The Wheat Data Interoperability Working Group (WDI) was created within the framework of the Research Data Alliance (RDA). The RDA is a global initiative that aims to foster the open sharing of data across technologies, disciplines, and countries to address society’s major challenges.
The WDI’s goal is to provide a common, open-standard framework for describing, representing, linking, and publishing wheat data. Here, we present the case for establishing the Wheat Data Interoperability Guidelines, which will promote and sustain wheat data sharing, reusability, and interoperability. We have decided to focus on a limited set of wheat data types: SNPs, genomic annotations, phenotypes, genetic maps, physical maps, and germplasm.
The Wheat Data Interoperability Guidelines will have a threefold impact. They will:
- Promote the adoption of common standards, vocabularies, and best practices for wheat data management.

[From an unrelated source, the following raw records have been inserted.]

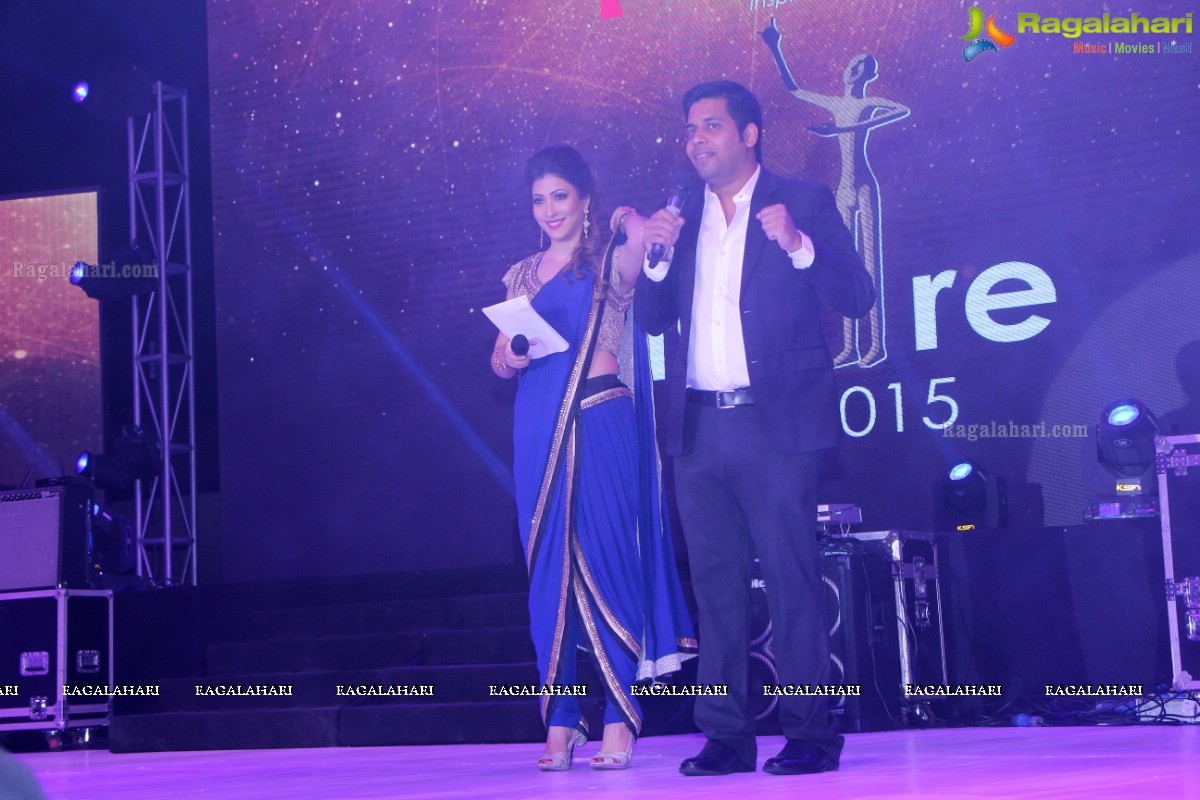 Inspire 2015 - ValueLabs Annual Day Celebrations 2015 at Novotel, HICC, Hyderabad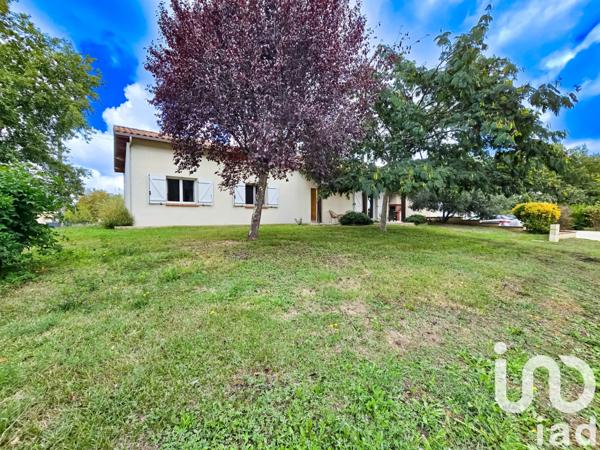 Maison à vendre 6 pièces 132 m² Montauban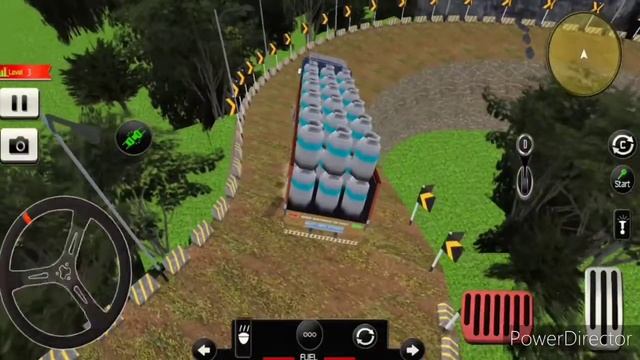 Truck Simulator 3D Game, Deadly Road Driving License Simulator#games #truckgames #tapupgamesplay смотреть онлайн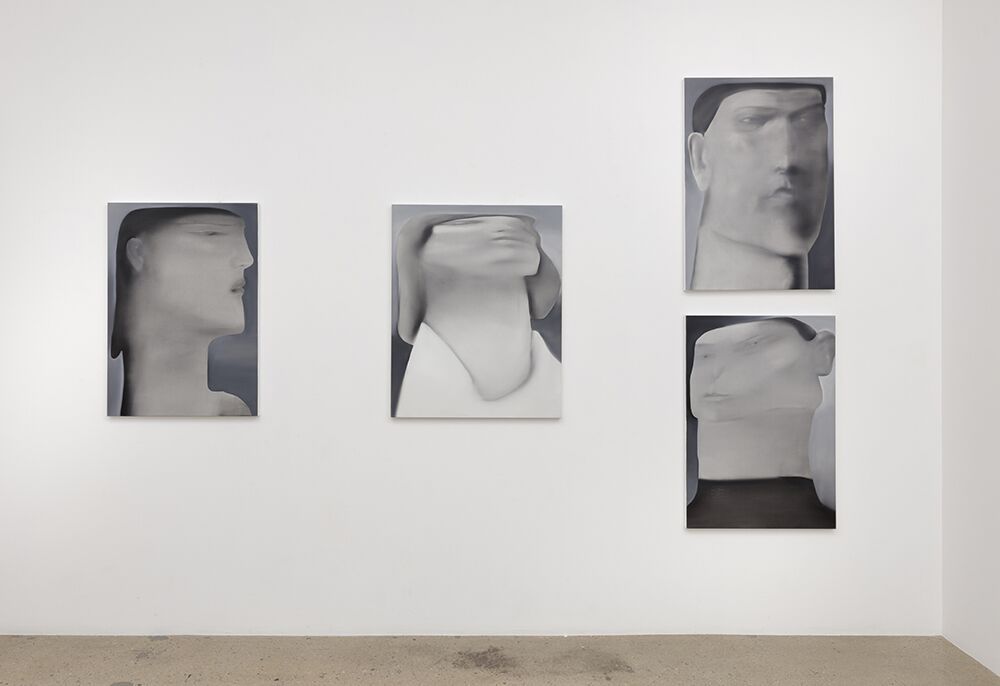 Jingze Du, In Between at Steve Turner, photo 4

- Facilitate access to as well as discovery and reuse of wheat data.
- Facilitate wheat data integration.
We conducted a survey from April 7 to June 3, 2014, to identify existing data management practices within the wheat community. We received replies from 196 individuals in at least 31 different countries. Our preliminary analysis of the results tends to confirm the need for a framework and guidelines for wheat data management:
- Most of the respondents (114) currently store their data on local drives, but the majority of them (84) are willing to use shared databases and repositories.
- More than 50% of the respondents have not yet established data management guidelines.
- When asked which data types will be the most important over the next five years, the majority of the respondents listed the same categories that we had chosen (i.e., phenotypes, SNPs, genomic annotations, germplasm, genetic maps, and physical maps). Only 24 of the 196 respondents mentioned other data types.
- In addition to using a variety of data types, the wheat community also employs a wide range of data formats (standardized and unstandardized). For some data types, like phenotypes, the data format used is inconsistent. Hence, we view this situation as an opportunity for standardization and harmonization.
- The use of ontologies and metadata standards is not common. Only 49% of the respondents are currently using ontologies, and only 23% are using metadata standards. Most of the respondents do not see how such standards could be beneficial, and some evoke the lack of implementation and/or standardization as their reason for not conforming to a standard themselves. This underscores the need to highlight the advantages of common vocabularies and metadata standards for wheat data description and representation.
The next steps will consist of:
- Discussing these issues with wheat data experts: the goal is to a) identify the minimum set of properties that should characterize datasets of each data type to ensure meaningful data sharing, b) identify the gaps in standards that remain to be filled, and c) come up with recommendations for data formats and metadata standards. We are planning to hold a 1-2 day workshop with wheat data experts before the end of October.
- Writing a cookbook that will provide guidelines for wheat data description and representation. We will base our methodology on that used by the FAO used to create the LODE cookbook.
The benefits expected from the Wheat Data Interoperability Guidelines are the following:
- Wheat data managers and data scientists will have a common and global framework with which to describe, document, and structure their data.
- Researchers, growers, breeders, and other data users will be able to seamlessly access, use, and reuse a wide range of wheat data. Data linking will also facilitate the development of new data analyses and knowledge discovery methodologies.
- Data managers and scientists focused on other plant species will be able to benefit from the reusable data framework we have established.
- Researchers working on other plant species will be able to more easily access and reuse wheat data and forge links with their own data.
The cookbook could potentially be adapted for use with other crops, such as rice and maize, which are also very important for food security.